Almost the first thing William did was to give vast areas of England to his Norman barons who had come over with him.
These barons would have to provide soldiers as and when William wanted them. There were about 200 barons and each one ran his part of the country. It was
estimated that in 1086 just 12 barons held 25% of the land while the rest, less than 200 obviously, held another 25%.
The first thing the barons would do when they were given land
was build a castle. The Normans used to build a special type of castle. It was called a motte and bailey castle and was very quick to build. The motte was a
large mound on which the baron would build a keep, which was really a set of rooms where he could live. The bailey was an area at the bottom of the motte
where the baron could keep his cattle and servants. Then they would build a fence around both parts and, outside the fence, they would dig a ditch. The villagers,
or peasants, would live outside the fence and ditch. They would then work for the barons. The castle was called a motte and bailey because in the language the
Normans spoke motte meant mound and bailey meant enclosure, Simple really, wasn’t it? The clever Normans, if being attacked, would sometimes hang ox skins,
soaked in water, on the outside walls to stop the wood catching fire.
The next thing that happened was that these barons would give smaller pieces of land to wealthy Anglo-Saxons or their own knights. These people
would be called lords. The lords would rule over a manor. The Saxons had divided the country into hundreds, each hundred being approximately a hundred homes.
These hundreds now became the manors that lords would rule over and on this manor the work would be done by peasants who the lord would allow to live there in
return for doing this work.
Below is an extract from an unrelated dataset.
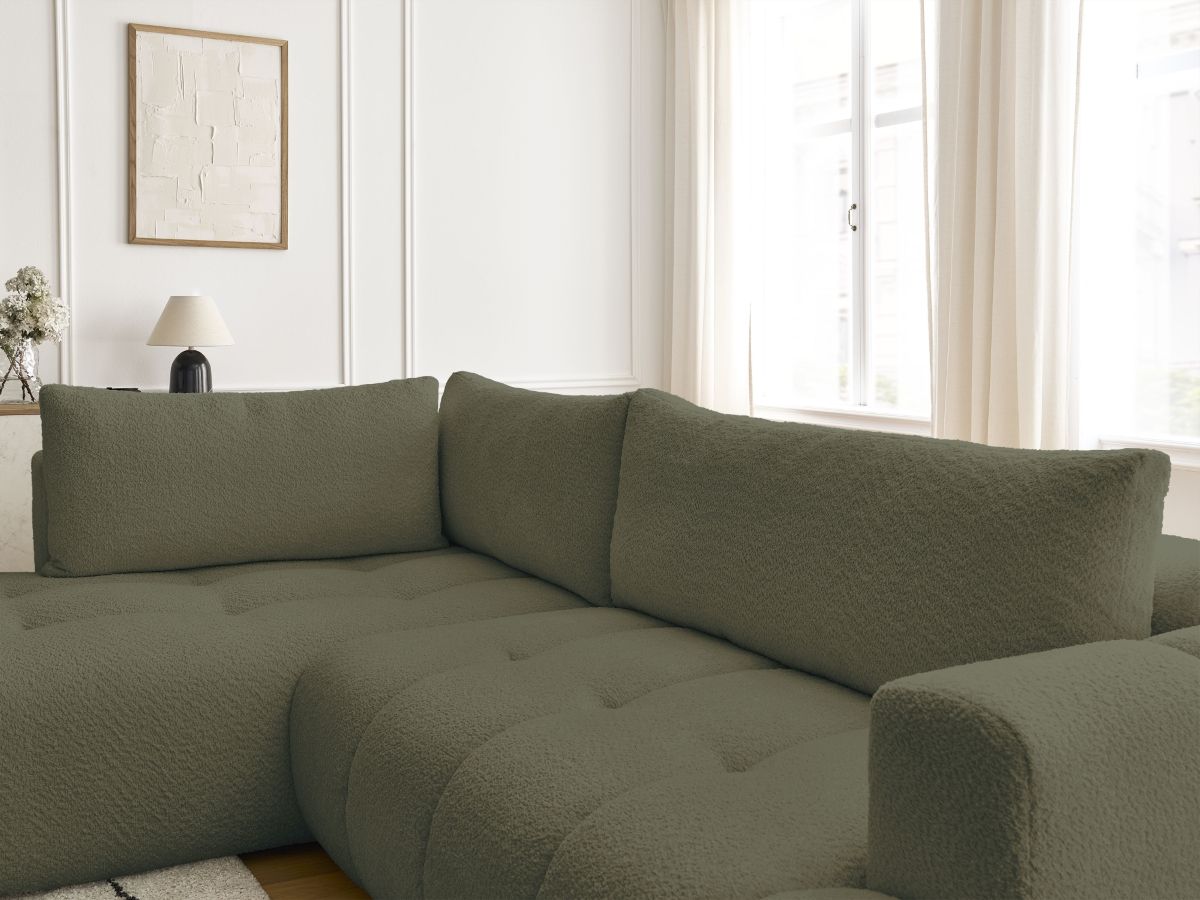 Bobochic Fuji Ecksofa mit Schlaffunktion und Bettkasten 282 × 204 cm Bouclé-Stoff Grün Ecke links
The average life expectancy of a slave or peasant was about 25 years.
This whole structure of life was known as the feudal (pronounced
fewdal) system and the feudal system that William set up, where the lord ruled over the people who worked and lived on his land, remained for 400 years.
The peasants would have to pay the lord some of the goods they produced on their own land while the lords and barons had to pay taxes to the King as
well as providing soldiers. It was all bad news for the peasants as they also had to pay 10% to the church, who also owned 25% of all the land in England. The
King, William, owned the remaining 25%. Peasants couldn’t grind their own corn, they had to take it to the lord who would grind it and then charge the peasants.
Furthermore peasants couldn’t marry without the agreement of their lord.